909.4
Civilizational Discourse and Models Of Modernity In The Meiji Revolution

Thursday, July 17, 2014: 6:30 PM
Room: Booth 56
Oral Presentation
Jeremy SMITH , Education and arts, University of Ballarat, Ballarat, Australia
During the Meiji revolution, Japanese writings on international arena, Western empires and the Western tradition nourished a discourse on civilization. At the same time, Japan’s civilizational works also reflected debate on models of modernity. Over the course of consolidation of the Meiji regime, deep engagement with different foreign traditions produced an exceptionally intense phase of inter-civilizational engagement which left a significant legacy.
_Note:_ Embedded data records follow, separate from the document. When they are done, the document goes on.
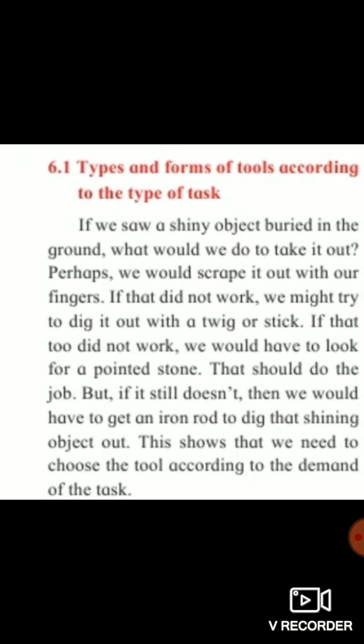Section 6.1: Types and forms of tools according to the types of tasks. Jo kaam karna hai, wahi kaam ke liye konse tools banate the — pattharon ke woh hain.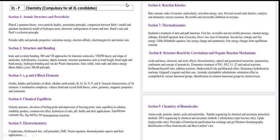This is our GATE exam syllabus. We have started Section 1 named Atomic Structure and Periodicity, which we have completed in the previous lectures, and we have started Section 2 named Structure and Bonding.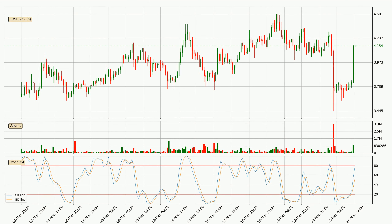In general, the larger time frames have a greater impact on the price, so please remember that when we display different time frames with different indicators. Also, the shorter time frames are only representative for short-term trading.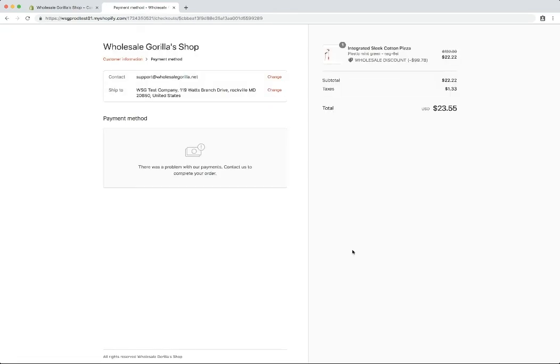And there you go. We don't have payments set up on this since this is just a development store.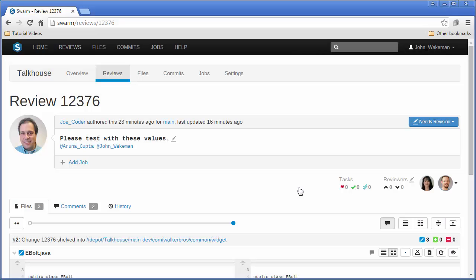Alternatively, we could get a local copy of the file and modify it as part of the review. Let's have John edit the eBolt Java file.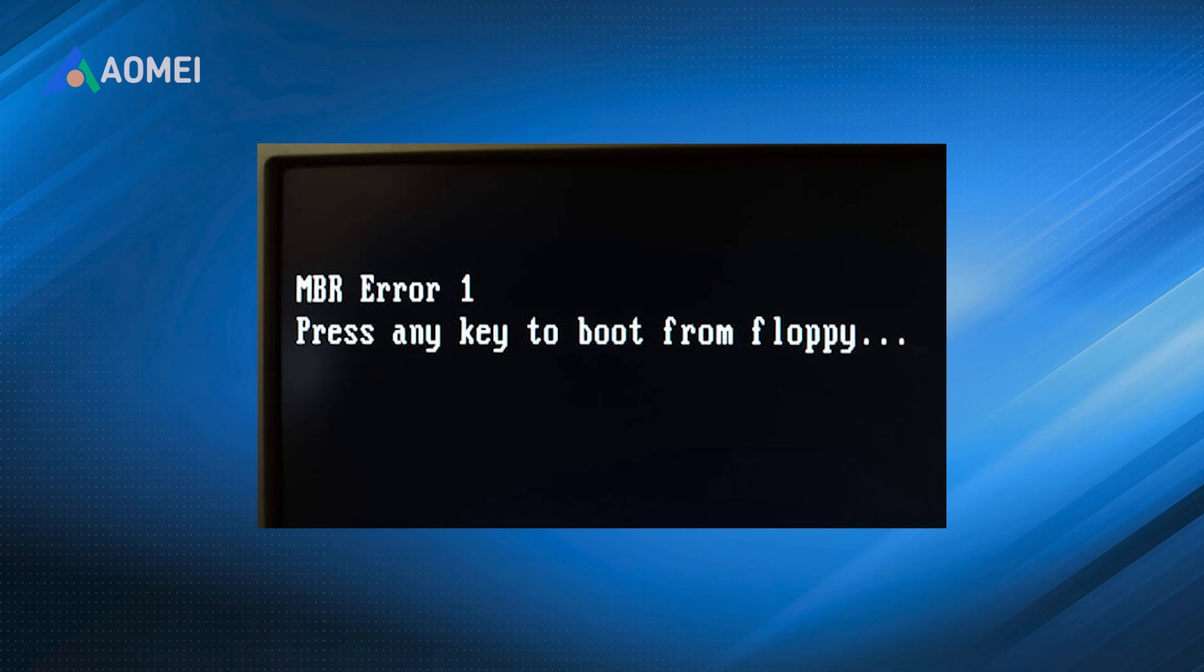If your Windows PC fails to boot and shows an MBR error or operating system not found, don't panic. MBR, or master boot record, is a critical part of your drive that tells your computer how to load Windows.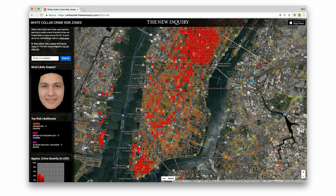We also show a composite image of a most likely individual white-collar criminal suspect. To make this, we did a facial average of high-level financial executives who work in the area, scraping that data from LinkedIn. As you can see, every individual composite is unique, but they all look almost exactly the same.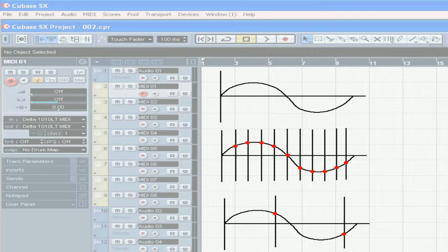The number of samples per second is called a sample rate. According to the Nyquist-Shannon Sampling Theorem, the sampling rate needs to be twice as high as the maximum frequency which you want to reproduce.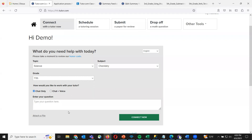Once you fill out that information, you can decide how you want to connect with your tutor. You can have a chat-only session — like any IM service where you're just typing back and forth. We also have a chat and voice session, which allows you to speak back and forth with a tutor. This is incredibly helpful for younger students in elementary school practicing their reading, and also for higher-level subjects like chemistry or calculus where you can talk back and forth instead of typing out lengthy explanations. Note that chat and voice does require creating an account.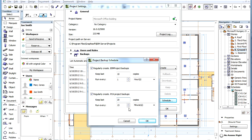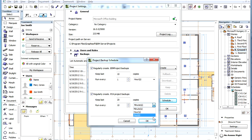In the Run Every fields, specify both the interval and the interval type. Available interval types are minutes, hours, and days. When the Day option is selected, you can specify the exact time the backup is created each day.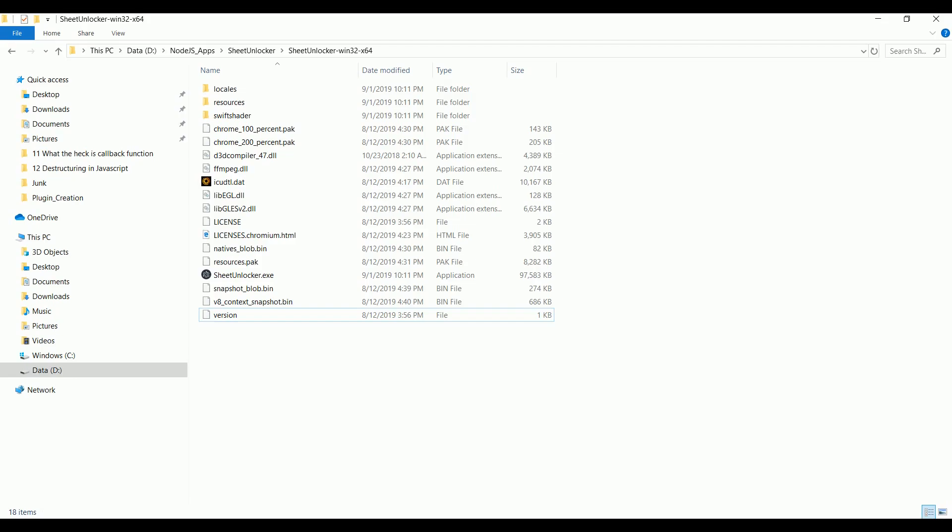Hello everyone. In this video I'm going to show you a demo on how to unlock a protected Excel sheet using a standalone app. I decided to create this standalone app because every day I keep getting requests from viewers asking for help to unlock their protected sheet for which they forgot the password.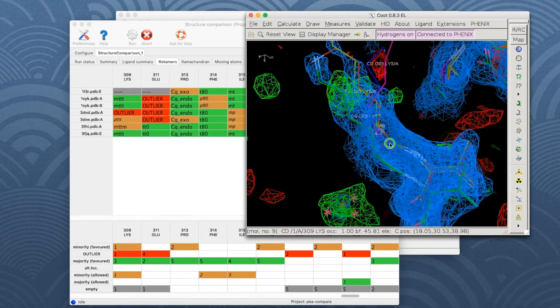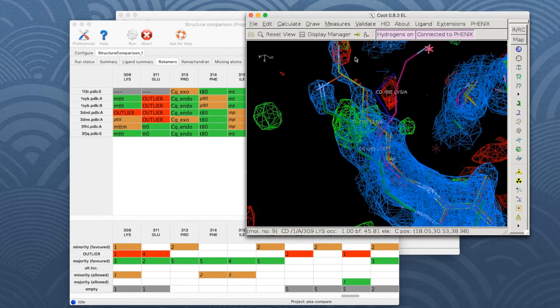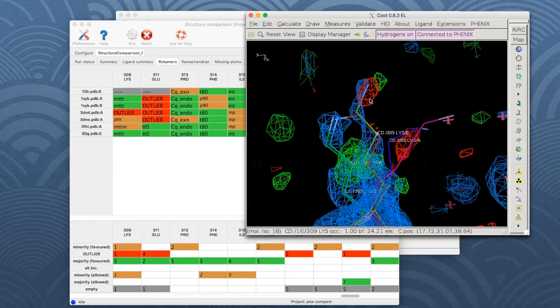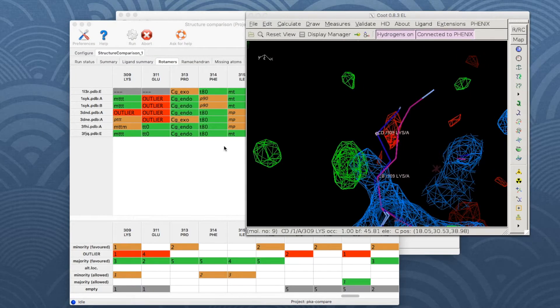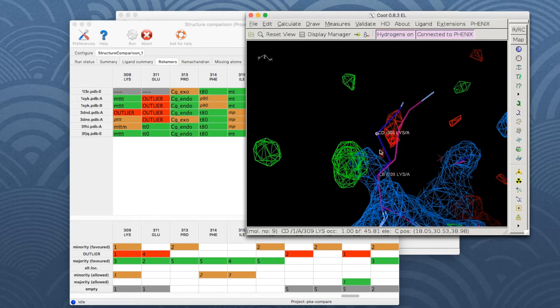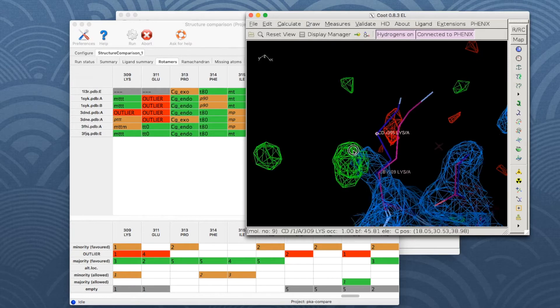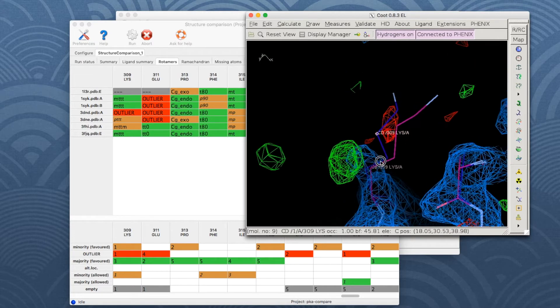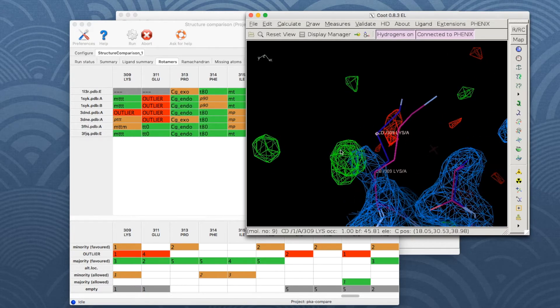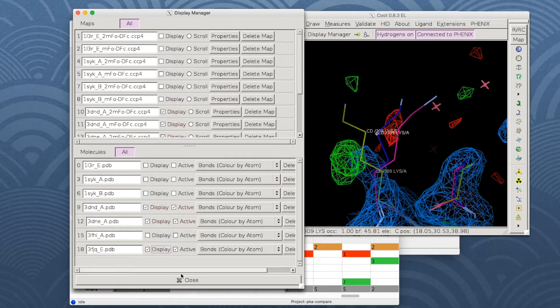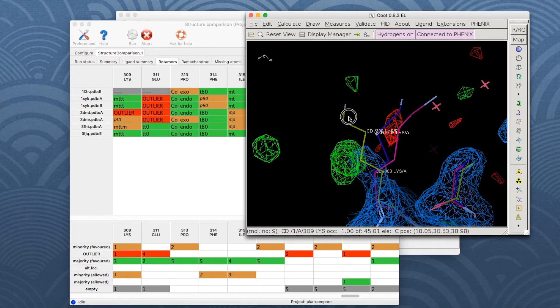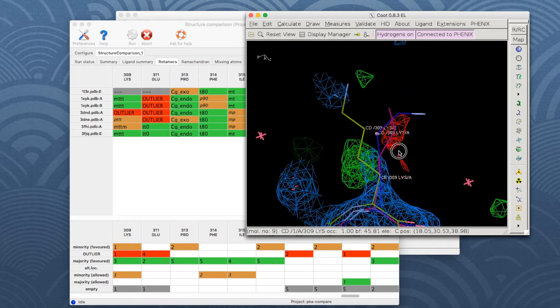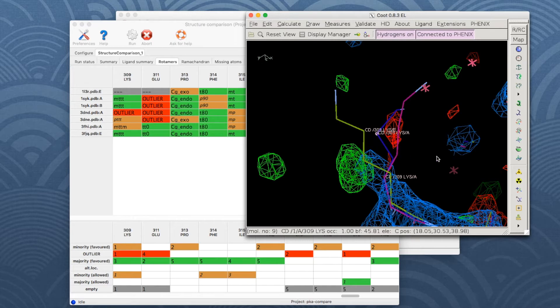Let's focus on the rotamers of 3DND and 3DNE and hide all other maps and models. The side chains point to the right, partly covered with negative difference density, while there is 2Fo-Fc and positive difference density on the left. The orientation of these side chains can be most likely improved by trying to fit them better to the density. It can also be noted that the side chain of lysine 309 in 3FJQ also points to the left. Therefore, the rotamer table can help identifying regions which need further attention.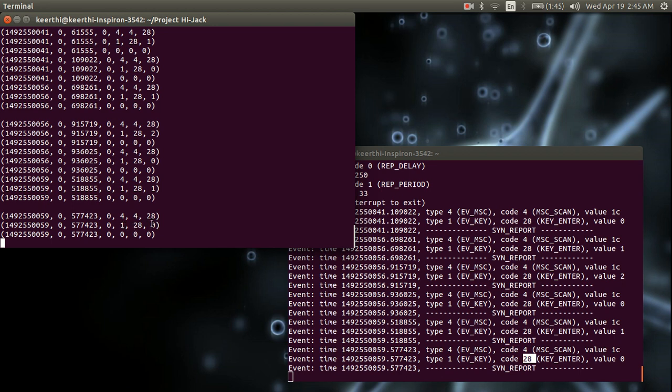And you have here 1, 28 and 0, and 4, 4, 38, which is the same value as you've gotten over here, and 0, 0, 0 saying that the whole process has ended.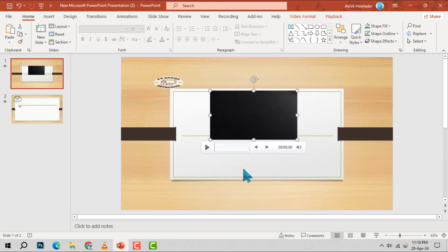Step 2. Click on the video within the slide to select it. This will allow you to modify the video's settings.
In this paper, three episodes of interpretation of civilization and modernity are explored: the construction of an urban public sphere in which this civilizational discourse emerged, creation (through conceptual and linguistic translation) of entirely new vocabularies for philosophy and sociology, and the conflicts around political perspectives expressed by the popular democracy movement of the 1870s. In the urban public sphere and the popular movement, Japanese intellectuals actively interpreted and relativized the cultures, religions and ideologies of other civilizations against a native cultural core. The famous Meirokusha publishing house and its journal Meiroku Zasshi instituted a centre of civilizational discourse for intellectual elites and the urban public sphere that they participated in. Within that public sphere, the Meirokusha set in train historically and culturally specific processes of translation of Western thought which included translation of the concept of ‘society’ itself and the development of Japanese vocabularies for philosophy and sociology. Social and political conflict around modernity manifested also in the wider movement for popular rights that arose in the 1870s and then subsided. A main claim of the paper is that consolidation of Japan’s imperial polity in the 1890s superseded all three sets of interpretations developed by the Meirokusha intelligentsia and the popular movement, but not the civilizational discourse that they instituted.